## Task objective
Go through the data below and repeat it exactly, skipping each picture.

## Input for this task
■ ■ ■ ■ ■ ■ ■

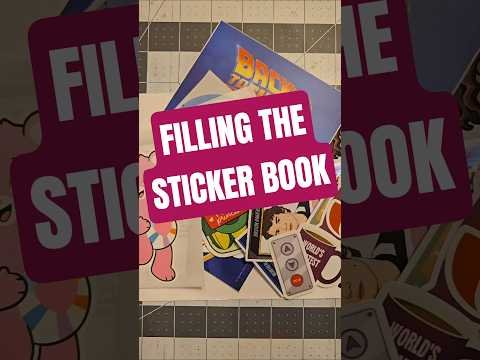 Sticker Time. Let’s fill the sticker book.  #sticker #stickerbook #stickercollection #stickers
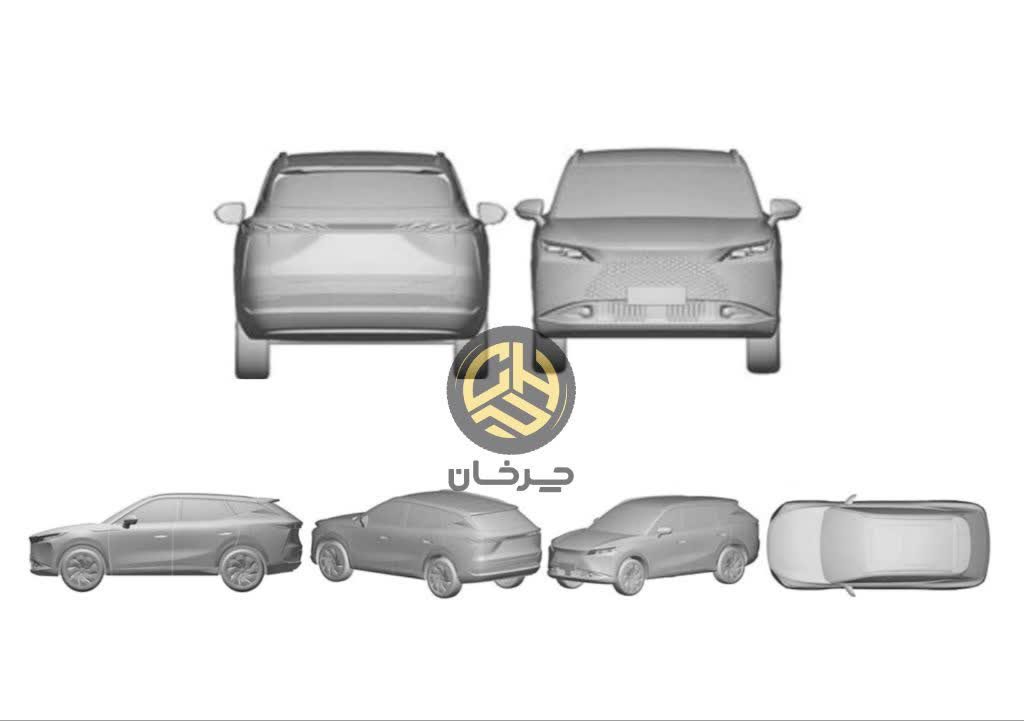 طرح اکودا ای 7 اومودا سی 7 NEW CHERY ECODA E7 OMODA C7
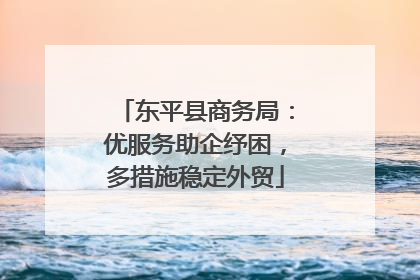 东平县商务局：优服务助企纾困，多措施稳定外贸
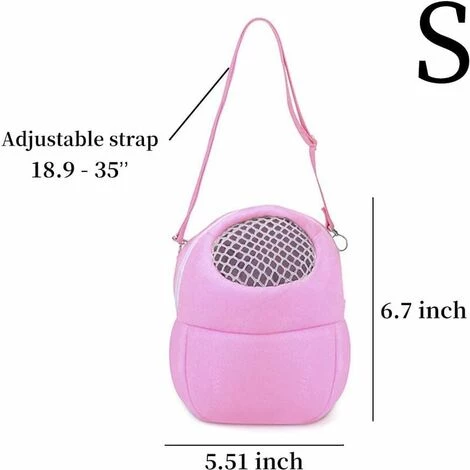Ensoleillé Sac De Transport Pour Animal De Compagnie, Porteur De Voyage Pour Animal De Compagnie Avec Les Bandoulières En Nylon, Sac Pour Petit Animal De Compagnie, Pour Hamster, Hérisson 2 Ensoleillé Sac De Transport Pour Animal De Compagnie, Porteur De Voyage Pour Animal De Compagnie Avec Les Bandoulières En Nylon, Sac Pour Petit Animal De Compagnie, Pour Hamster, Hérisson – Image 2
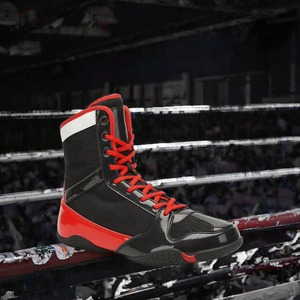 Zapatos de Boxeo Ligeros de Cuero con Cordones, Calzado Deportivo para Entrenamiento y Competición - Product Image 3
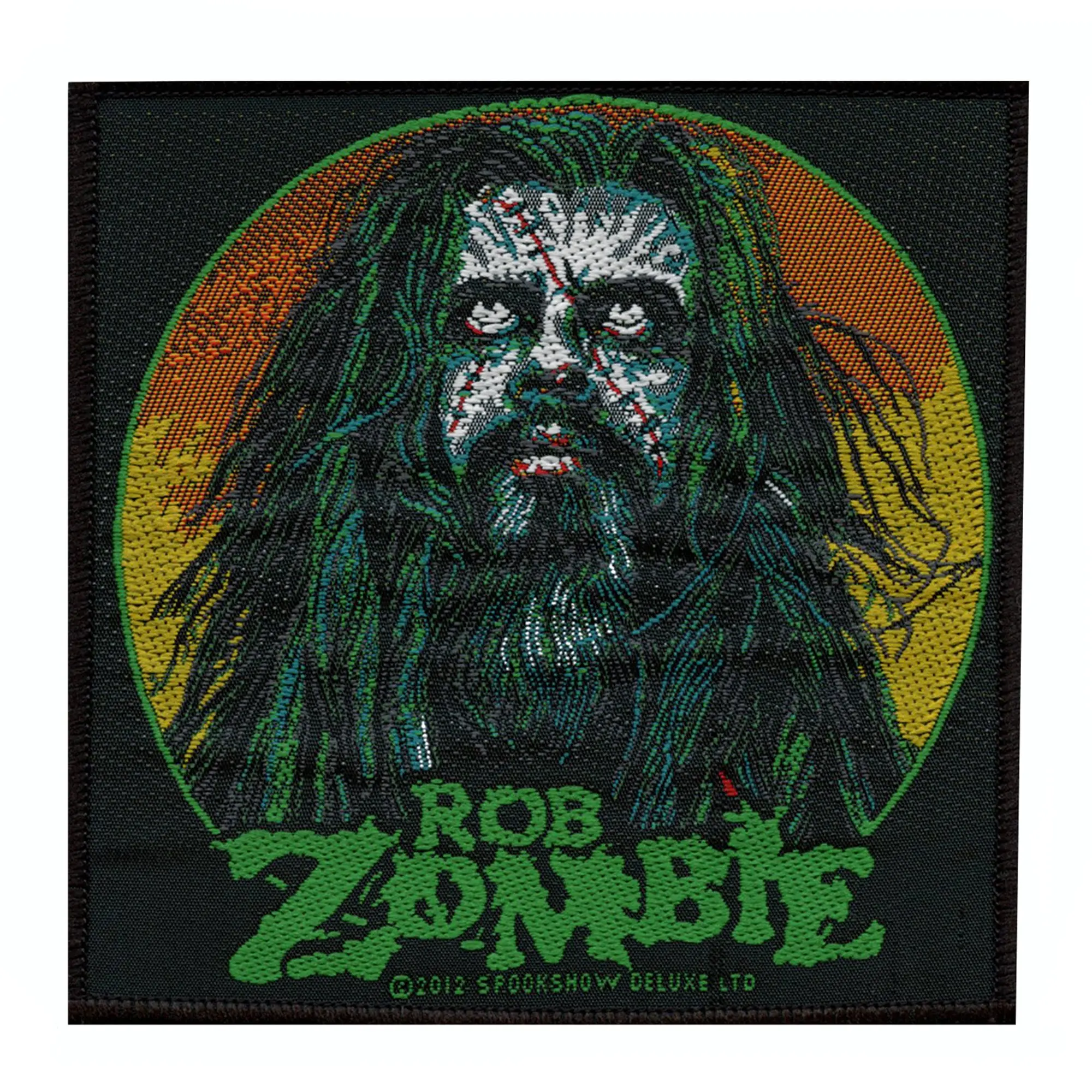 Rob Zombie Past, Present, and Future Patch Undead Album Cover Woven Sew On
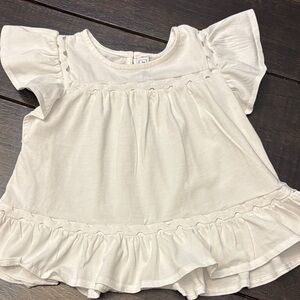 Tartine et Chocolat Cream Ruffled Blouse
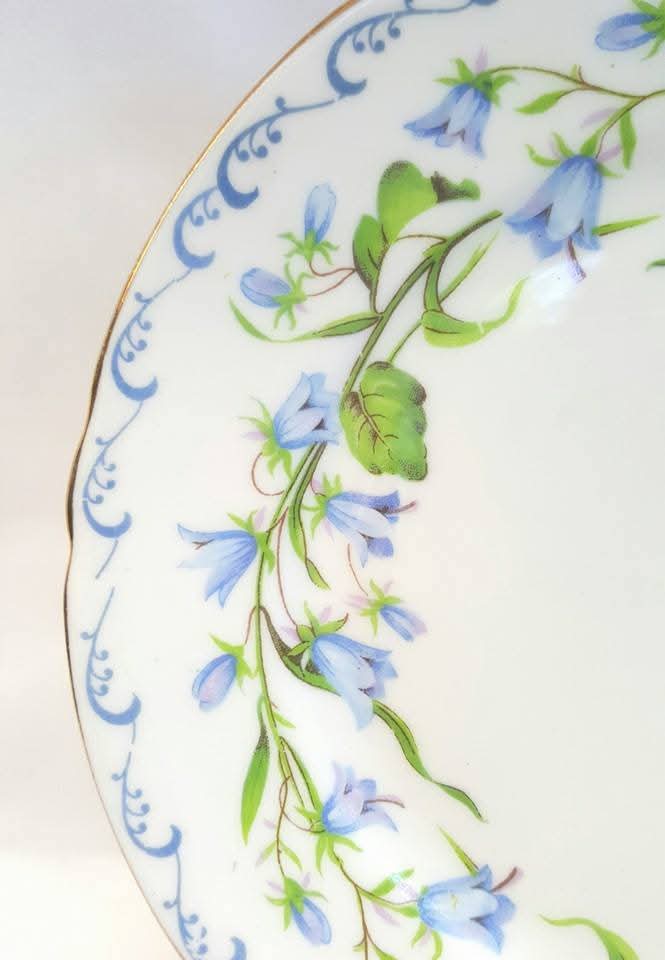 Shelley | Harebell | Richmond Shape | Trio | Fine Bone China | England | c.1945–1966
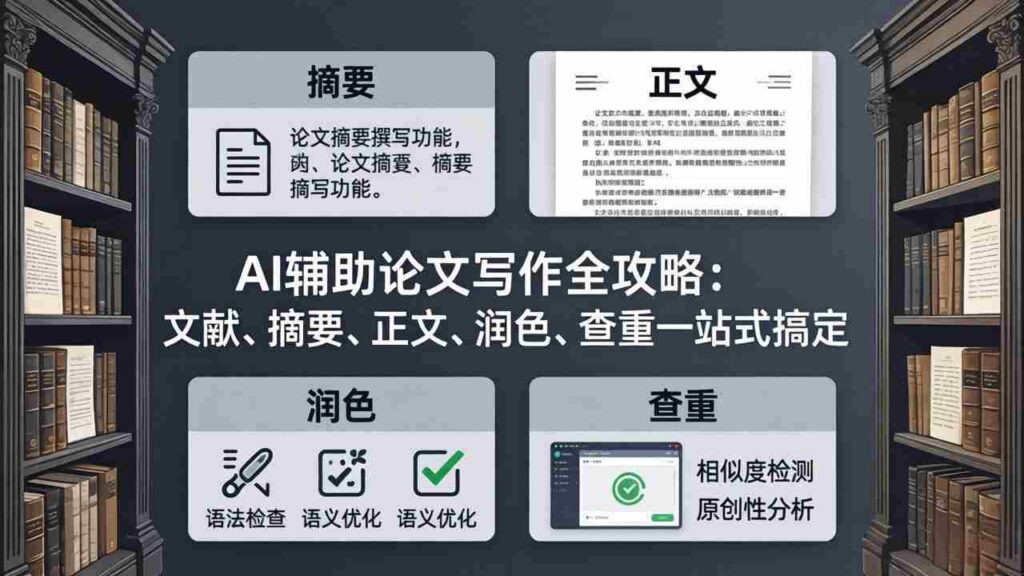 （17970期）AI辅助论文写作全攻略：文献、摘要、正文、润色、查重一站式搞定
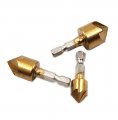 Driak 3pc 1 4 Hex Shank 5 Blade Countersink Drill Bit Set For Wood Quick Change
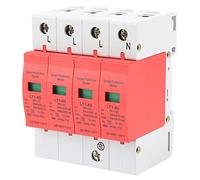 Socobeta Dispositivo de Protección contra Sobretensiones 4P 65kA para Panel Eléctrico Doméstico, Descargador de bajo Voltaje de 385V con Montaje en Carril DIN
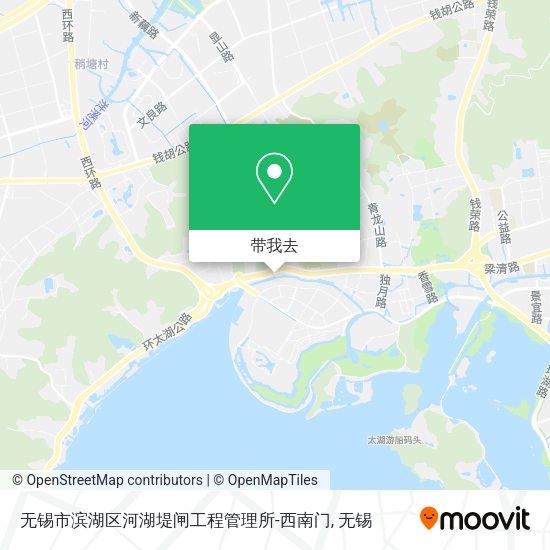 无锡市滨湖区河湖堤闸工程管理所-西南门地图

■ ■ ■ ■ ■ ■ ■

## Response to the task
 Sticker Time. Let’s fill the sticker book.  #sticker #stickerbook #stickercollection #stickers
 طرح اکودا ای 7 اومودا سی 7 NEW CHERY ECODA E7 OMODA C7
 东平县商务局：优服务助企纾困，多措施稳定外贸
Ensoleillé Sac De Transport Pour Animal De Compagnie, Porteur De Voyage Pour Animal De Compagnie Avec Les Bandoulières En Nylon, Sac Pour Petit Animal De Compagnie, Pour Hamster, Hérisson 2 Ensoleillé Sac De Transport Pour Animal De Compagnie, Porteur De Voyage Pour Animal De Compagnie Avec Les Bandoulières En Nylon, Sac Pour Petit Animal De Compagnie, Pour Hamster, Hérisson – Image 2
 Zapatos de Boxeo Ligeros de Cuero con Cordones, Calzado Deportivo para Entrenamiento y Competición - Product Image 3
 Rob Zombie Past, Present, and Future Patch Undead Album Cover Woven Sew On
 Tartine et Chocolat Cream Ruffled Blouse
 Shelley | Harebell | Richmond Shape | Trio | Fine Bone China | England | c.1945–1966
 （17970期）AI辅助论文写作全攻略：文献、摘要、正文、润色、查重一站式搞定
 Driak 3pc 1 4 Hex Shank 5 Blade Countersink Drill Bit Set For Wood Quick Change
 Socobeta Dispositivo de Protección contra Sobretensiones 4P 65kA para Panel Eléctrico Doméstico, Descargador de bajo Voltaje de 385V con Montaje en Carril DIN
 无锡市滨湖区河湖堤闸工程管理所-西南门地图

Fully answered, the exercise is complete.